The World Bank is bringing back big, bad dams

From The Guardian:

In the 1950s and '60s, huge hydropower projects such as the Kariba, Akosombo and Inga dams were supposed to modernise poor African countries almost overnight. It didn't work out this way. As the independent World Commission on Dams found, such big, complex schemes cost far more but produce less energy than expected. Their primary beneficiaries are mining companies and aluminium smelters, while Africa's poor have been left high and dry.
The Inga 1 and 2 dams on the Congo River are a case in point. After donors have spent billions of dollars on them, 85% of the electricity in the Democratic Republic of Congo is used by high-voltage consumers but less than 10% of the population has access to electricity.

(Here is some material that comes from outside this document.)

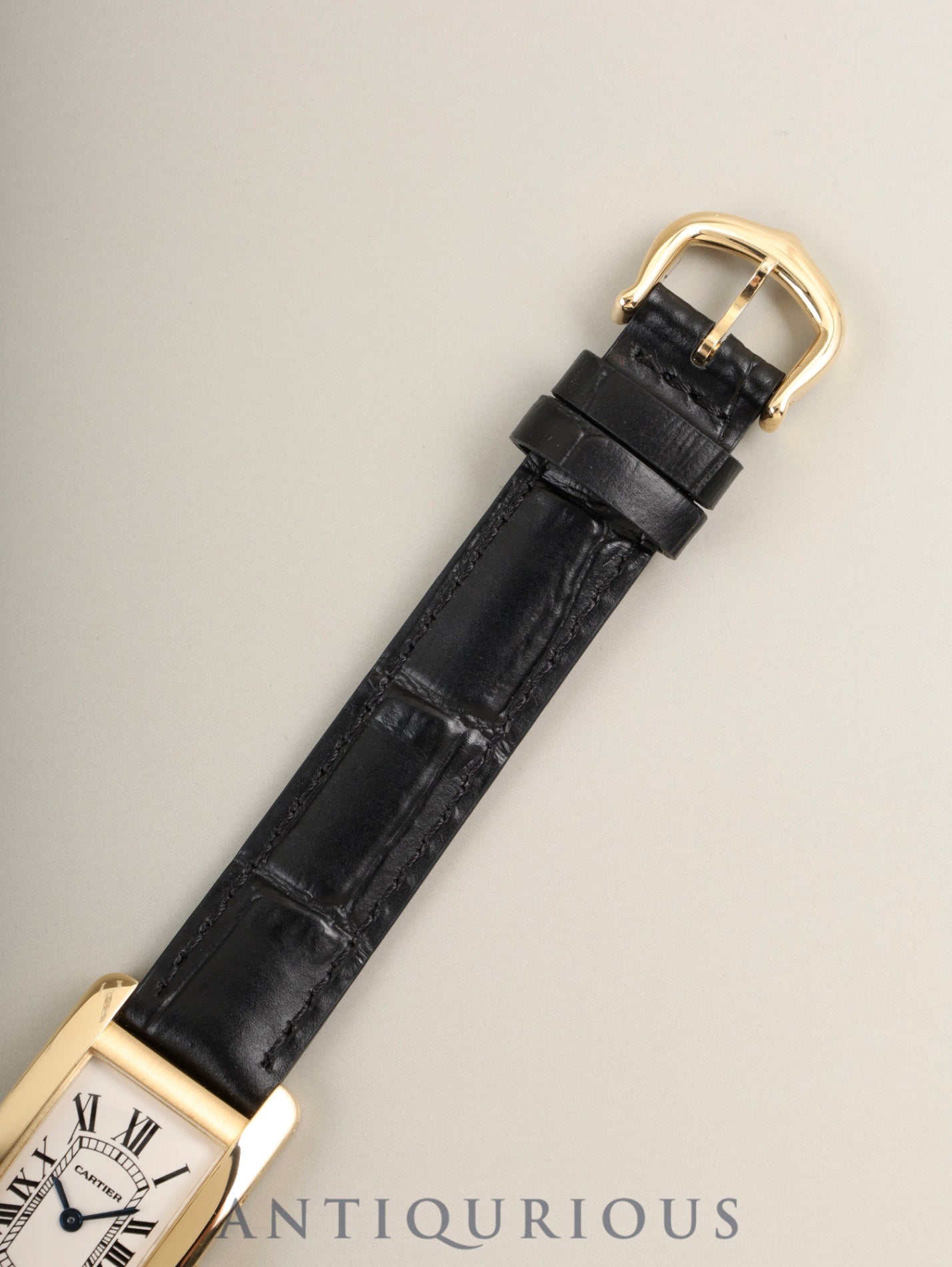 カルティエ タンクアメリカン SM W2601556 / 1710  クォーツ Cal.157 750YG 革 純正ピンバックル（750YG）ホワイトローマン文字盤（SWISS表記） 箱 冊子 保証書（1999年）カルティエブティックにてコンプリートサービス歴（日付記載無し）オーバーホール済み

The communities displaced by the Inga and Kariba dams continue to fight for their compensation and economic rehabilitation after 50 years. Instead of offering a shortcut to prosperity, such projects have become an albatross on Africa's development. Large dams have also helped turn freshwater into the ecosystem most affected by species extinction.

Under public pressure, the World Bank and other financiers largely withdrew from funding large dams in the mid-1990s. For nearly 20 years, the bank has supported mid-sized dams and rehabilitated existing hydropower projects instead.

Following a trend set by new financiers from China and Brazil, the World Bank now wants to return to supporting mega-dams that aim to transform whole regions.